:: Materials provided ::
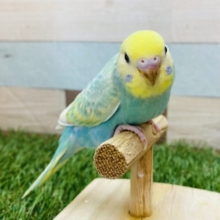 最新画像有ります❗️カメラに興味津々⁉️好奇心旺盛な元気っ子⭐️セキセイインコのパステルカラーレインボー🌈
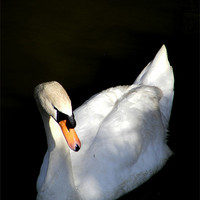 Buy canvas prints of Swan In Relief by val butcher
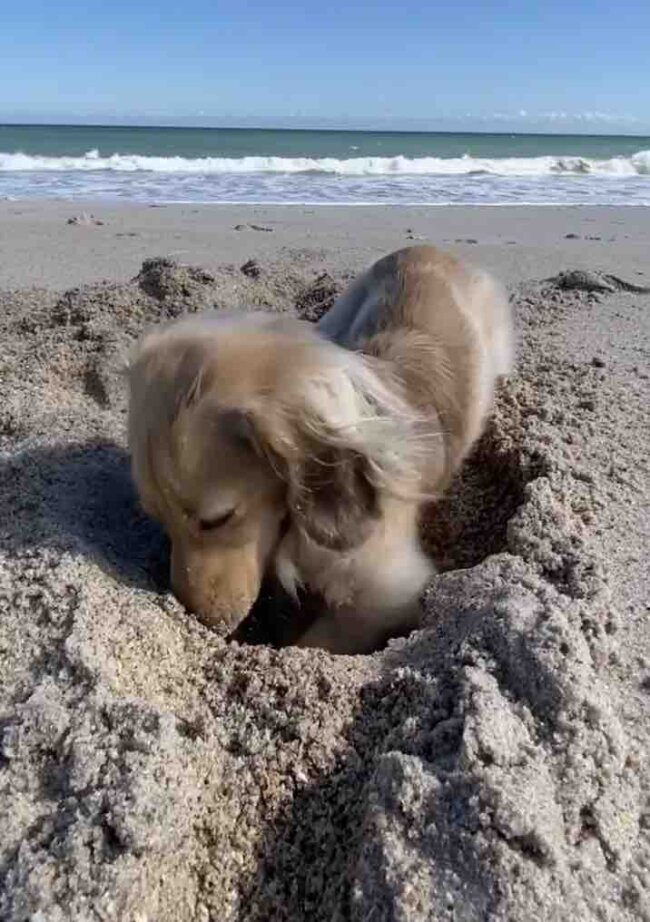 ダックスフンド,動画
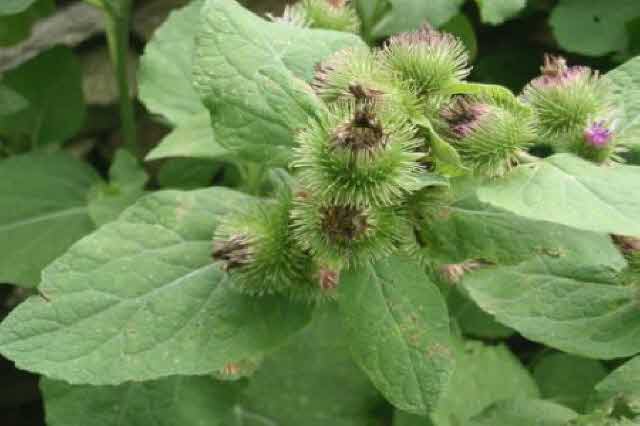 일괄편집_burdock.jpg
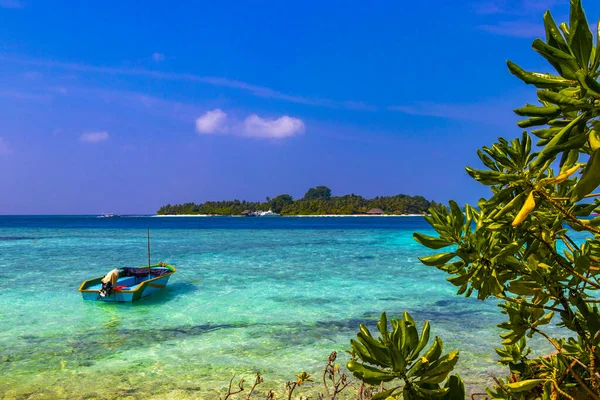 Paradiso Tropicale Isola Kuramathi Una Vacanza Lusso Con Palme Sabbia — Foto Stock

---

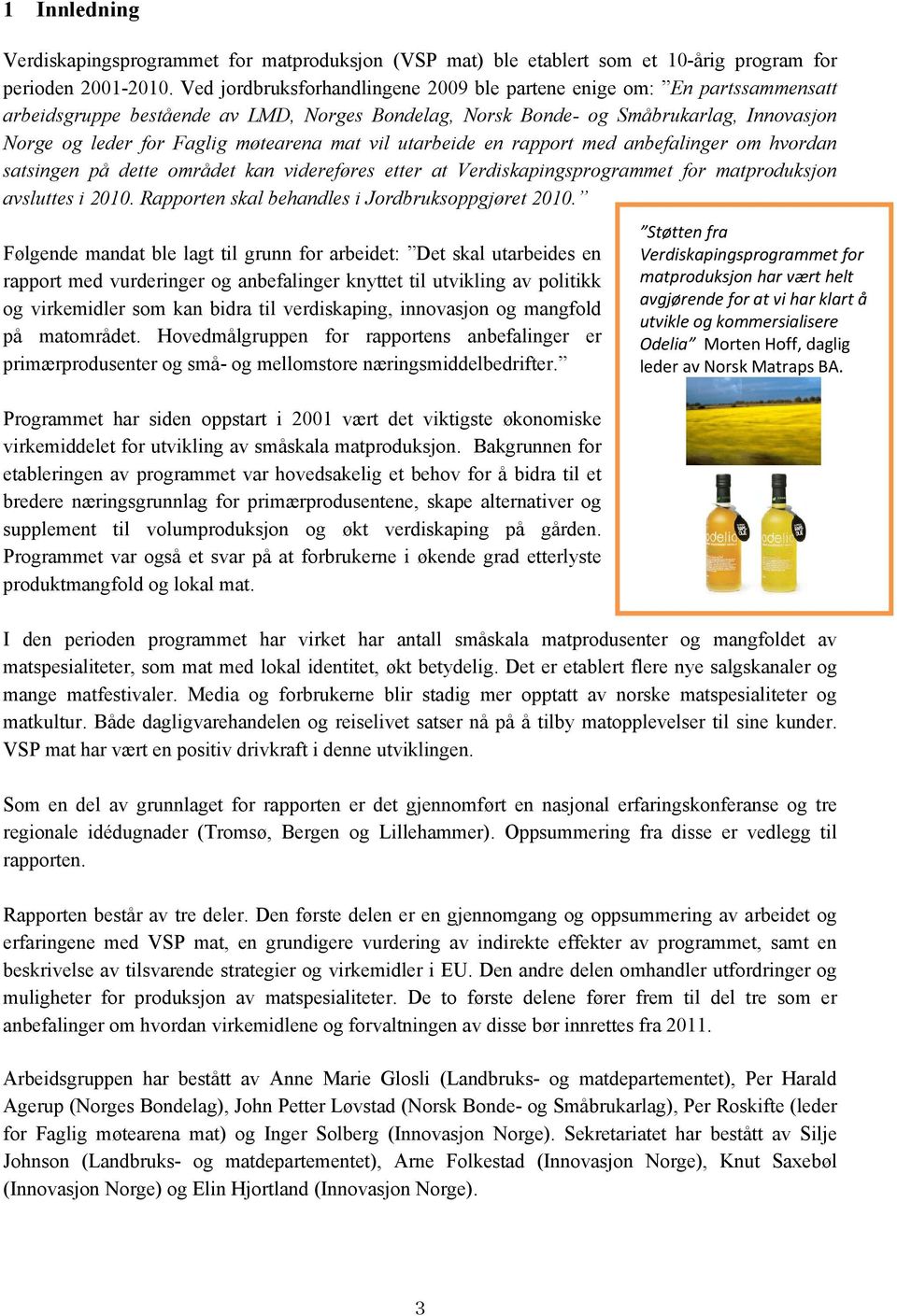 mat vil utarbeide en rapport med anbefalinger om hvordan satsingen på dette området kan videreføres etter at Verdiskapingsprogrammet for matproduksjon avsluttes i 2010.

--

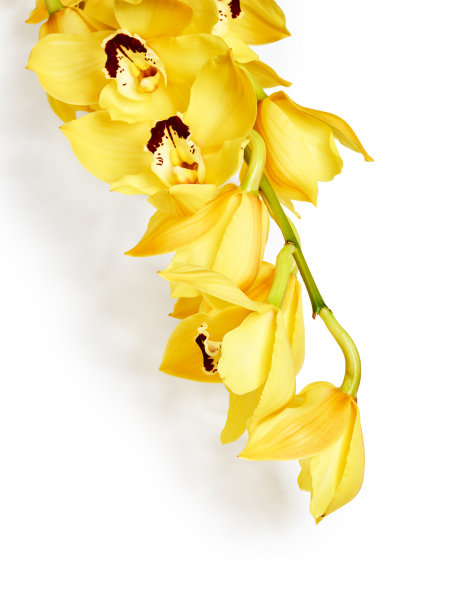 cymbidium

:: Exercise goal ::
What is needed is an exact copy of the lines above, from the one holding "最新画像有ります❗️カメラに" down to the one holding "Paradiso Tropicale Isola", with those two included and the pictures left out.

:: Task answer ::
 最新画像有ります❗️カメラに興味津々⁉️好奇心旺盛な元気っ子⭐️セキセイインコのパステルカラーレインボー🌈
 Buy canvas prints of Swan In Relief by val butcher
 ダックスフンド,動画
 일괄편집_burdock.jpg
 Paradiso Tropicale Isola Kuramathi Una Vacanza Lusso Con Palme Sabbia — Foto Stock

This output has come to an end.